La estabilidad de las finanzas públicas en Colombia ha entrado en una zona de turbulencia que despierta las alarmas de los expertos más experimentados del país. En su más reciente análisis para EL TIEMPO, el exfiscal y analista Néstor Humberto Martínez lanza una advertencia severa sobre lo que denomina una gestión fiscal «delirante» y un «conejazo» sin precedentes al ahorro de los trabajadores colombianos. Basado en los recientes llamados de atención de la Contraloría General de la República, Martínez dibuja un panorama donde el gasto desmedido y la caída en el recaudo tributario están empujando al país hacia un precipicio financiero.
El núcleo de la crítica de Martínez reside en la peligrosa metamorfosis de los ingresos del Estado. Según las cifras analizadas, las rentas tributarias han sufrido una erosión significativa, pasando de representar el 66 % de los ingresos totales en 2023 a proyectar apenas un 56 % para 2025. Ante un crecimiento económico modesto y lo que el analista define como una «abulia empresarial» —motivada por la inseguridad y las políticas actuales—, la posibilidad de equilibrar la balanza mediante nuevas reformas tributarias resulta, a su juicio, inviable.

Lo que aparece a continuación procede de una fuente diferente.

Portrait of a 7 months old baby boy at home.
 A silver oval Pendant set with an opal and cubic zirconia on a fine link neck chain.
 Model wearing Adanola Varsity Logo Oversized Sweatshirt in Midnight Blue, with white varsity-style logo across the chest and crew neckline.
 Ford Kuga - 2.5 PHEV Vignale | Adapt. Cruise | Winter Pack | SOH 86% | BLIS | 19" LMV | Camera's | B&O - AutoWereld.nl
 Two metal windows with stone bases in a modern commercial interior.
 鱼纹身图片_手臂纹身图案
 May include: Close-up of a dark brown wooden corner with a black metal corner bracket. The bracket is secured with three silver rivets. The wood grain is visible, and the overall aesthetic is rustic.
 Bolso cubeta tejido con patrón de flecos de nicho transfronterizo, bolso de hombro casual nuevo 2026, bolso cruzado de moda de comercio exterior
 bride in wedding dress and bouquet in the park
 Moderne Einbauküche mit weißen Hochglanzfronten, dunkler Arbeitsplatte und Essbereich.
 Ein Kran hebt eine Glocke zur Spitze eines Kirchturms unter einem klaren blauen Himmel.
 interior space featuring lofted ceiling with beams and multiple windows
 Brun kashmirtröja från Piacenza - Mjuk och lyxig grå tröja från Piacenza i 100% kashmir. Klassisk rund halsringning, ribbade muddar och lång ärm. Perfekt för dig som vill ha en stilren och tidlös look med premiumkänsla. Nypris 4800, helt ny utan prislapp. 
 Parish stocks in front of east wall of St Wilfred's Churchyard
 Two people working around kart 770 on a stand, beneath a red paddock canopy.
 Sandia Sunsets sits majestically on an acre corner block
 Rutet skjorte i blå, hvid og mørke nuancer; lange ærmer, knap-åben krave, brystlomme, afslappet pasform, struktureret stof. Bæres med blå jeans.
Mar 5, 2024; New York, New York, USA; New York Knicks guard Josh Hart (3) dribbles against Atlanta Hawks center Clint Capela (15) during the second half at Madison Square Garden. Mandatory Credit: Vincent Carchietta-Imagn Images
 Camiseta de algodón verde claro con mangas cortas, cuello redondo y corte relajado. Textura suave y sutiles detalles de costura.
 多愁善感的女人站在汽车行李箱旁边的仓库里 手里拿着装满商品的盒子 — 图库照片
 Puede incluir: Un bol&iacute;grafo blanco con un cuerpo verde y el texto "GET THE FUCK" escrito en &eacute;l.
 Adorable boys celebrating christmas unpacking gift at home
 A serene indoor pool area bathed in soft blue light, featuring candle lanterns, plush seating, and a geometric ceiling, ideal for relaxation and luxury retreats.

Para el analista, la solución lógica sería un recorte y priorización del gasto público. Sin embargo, señala que el Ejecutivo ha optado por el camino opuesto, ganándose el apelativo de «dilapidador». Esta falta de disciplina fiscal no solo ha llevado al incumplimiento de obligaciones billonarias en sectores críticos como salud, educación y condenas judiciales, sino que ha empezado a afectar las vigencias futuras en infraestructura, enviando una señal de desconfianza letal para la inversión extranjera.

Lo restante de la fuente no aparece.